_Input data_
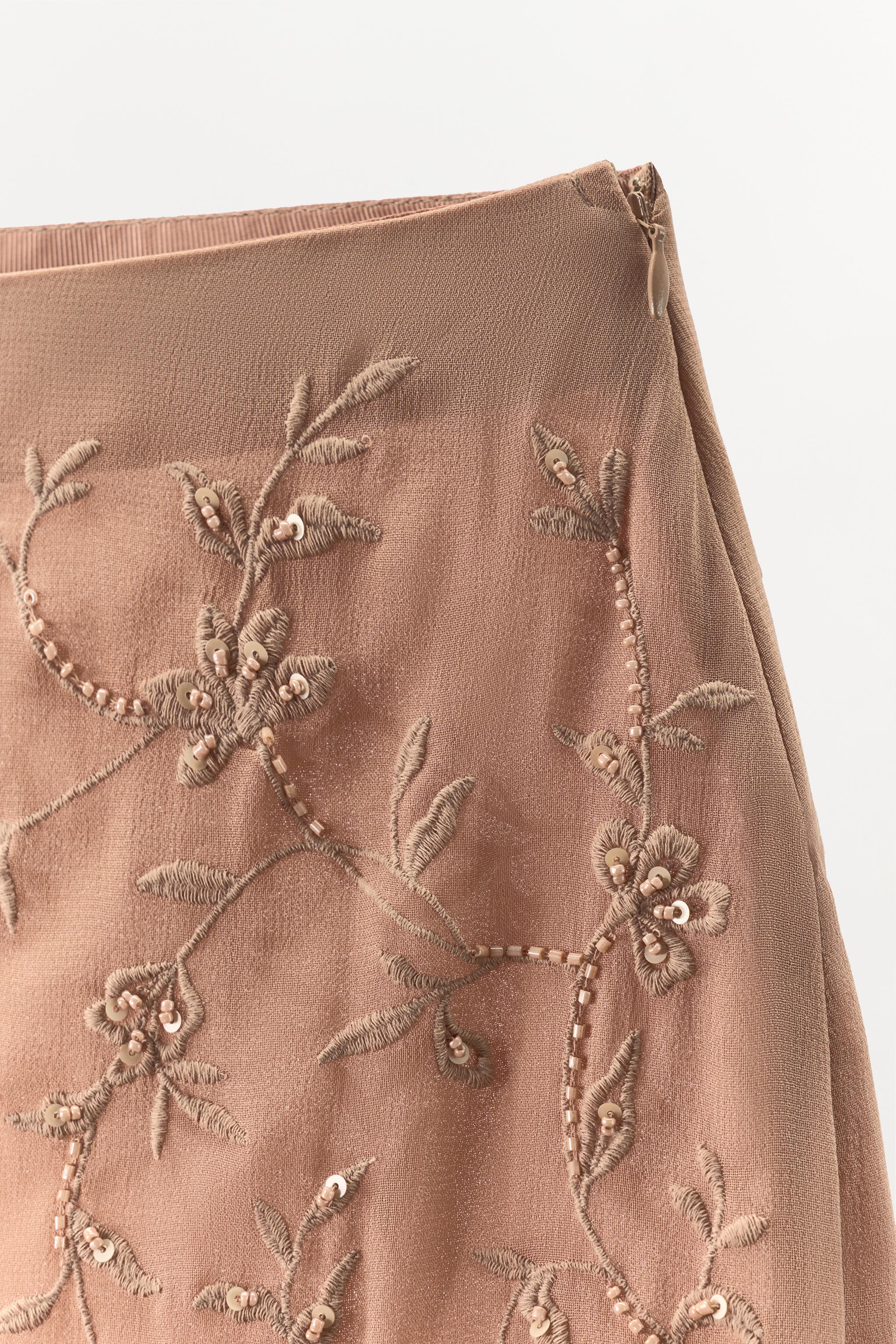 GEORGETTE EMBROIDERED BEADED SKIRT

...

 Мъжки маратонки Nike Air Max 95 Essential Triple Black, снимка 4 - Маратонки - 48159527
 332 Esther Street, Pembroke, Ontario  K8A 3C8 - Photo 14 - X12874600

* * *

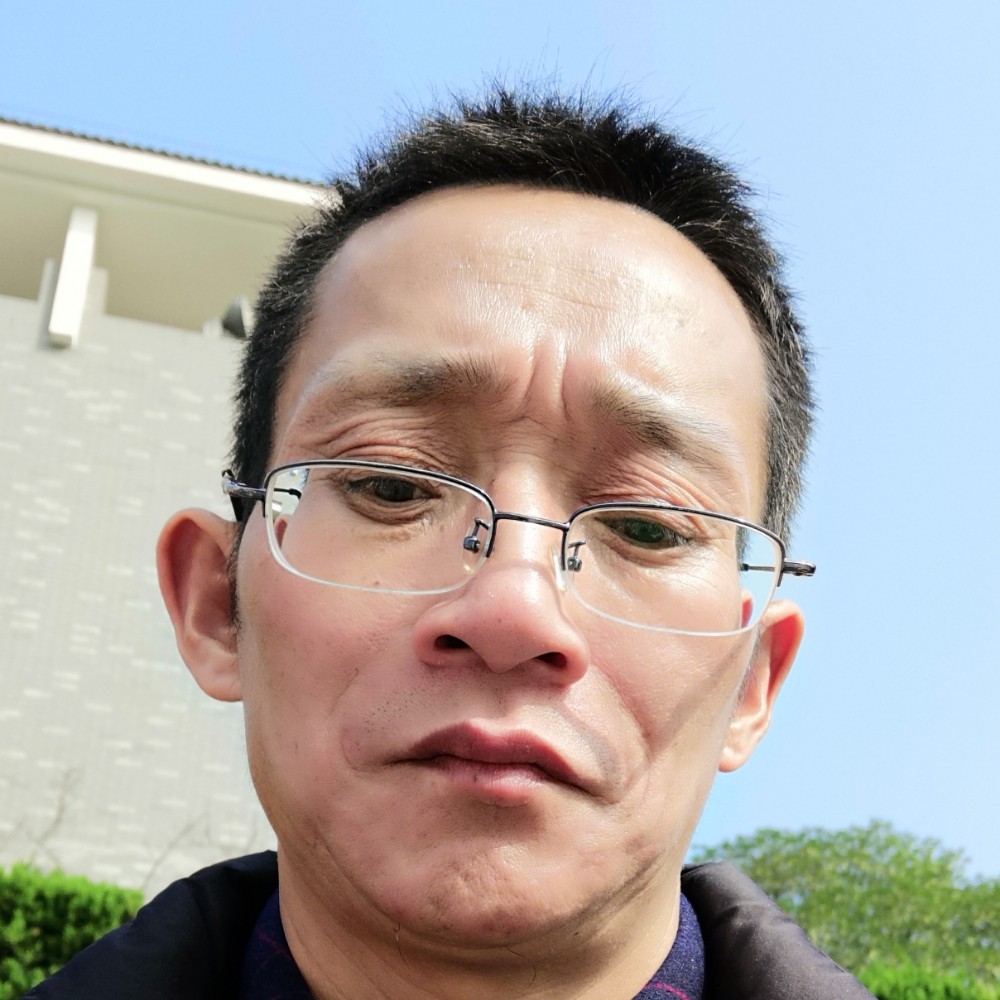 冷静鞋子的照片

_What to produce_
Reproduce the lines above, beginning at the line with "Мъжки маратонки Nike" and stopping after the line with "332 Esther Street, Pembroke, Ontario", exactly as they are.

_Result of the task_
 Мъжки маратонки Nike Air Max 95 Essential Triple Black, снимка 4 - Маратонки - 48159527
 332 Esther Street, Pembroke, Ontario  K8A 3C8 - Photo 14 - X12874600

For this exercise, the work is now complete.